What To Serve With Sushi: 26+ Sides, Condiments, And Drinks Options

If you just started eating sushi, welcome to a world of Japanese goodness. If you visited a Japanese restaurant, I guess you ate it with miso soup or tempura. That’s good too. But I want to introduce you to a list of many other delicious Japanese-inspired sides to serve with sushi.

A peculiar thing about Tokyo cuisine is the special way they prepare their foods and how they eat them. In this article, you will also learn how to eat sushi correctly when you visit a Japanese restaurant.

Get ready for a better dining experience the next time you are eating sushi at a restaurant or in your house.

About Sushi

what to serve with sushi - millenora

What makes sushi is the vinegar rice, not the raw fish, as many think.
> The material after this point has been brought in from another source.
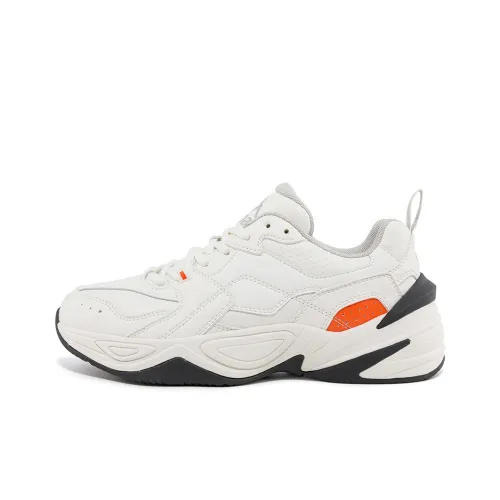 KAPPA Противоскользящий устойчивый к истиранию низкий топ кроссовки с толстой подошвой унисекс белый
Modern recipes use cooked seafood and other meats instead of salmon or tuna, the more common options.

No matter the modifications you make, rice must be the core of your sushi recipe. Sushi is a core part of the Japanese culture, such that the native chefs undergo years of training to know how to cook the rice properly.
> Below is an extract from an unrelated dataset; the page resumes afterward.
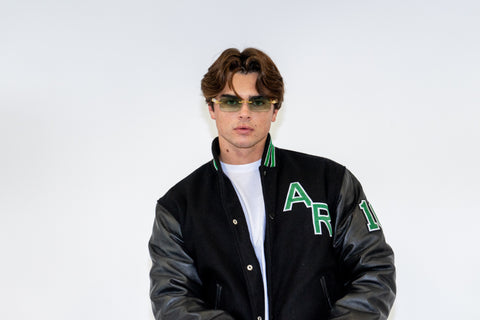 Simply Powerful Varsity Jacket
When they get this right, they progress into learning how to handle seafood and other parts of the recipe.

Sushi rice is usually a medium-grain rice seasoned with vinegar, salt, and sugar. White grain rice is commonly used, but some recipes use brown rice.

The traditional Japanese sushi recipes use a variety of rice called Japonica; Koshishikari cultivar.

Furthermore, there are different types of sushi – nigiri, maki, uni, and temaki sushi. Sushi is mostly eaten with chopsticks, but you can also use your hand if you don’t know how to use the chopsticks.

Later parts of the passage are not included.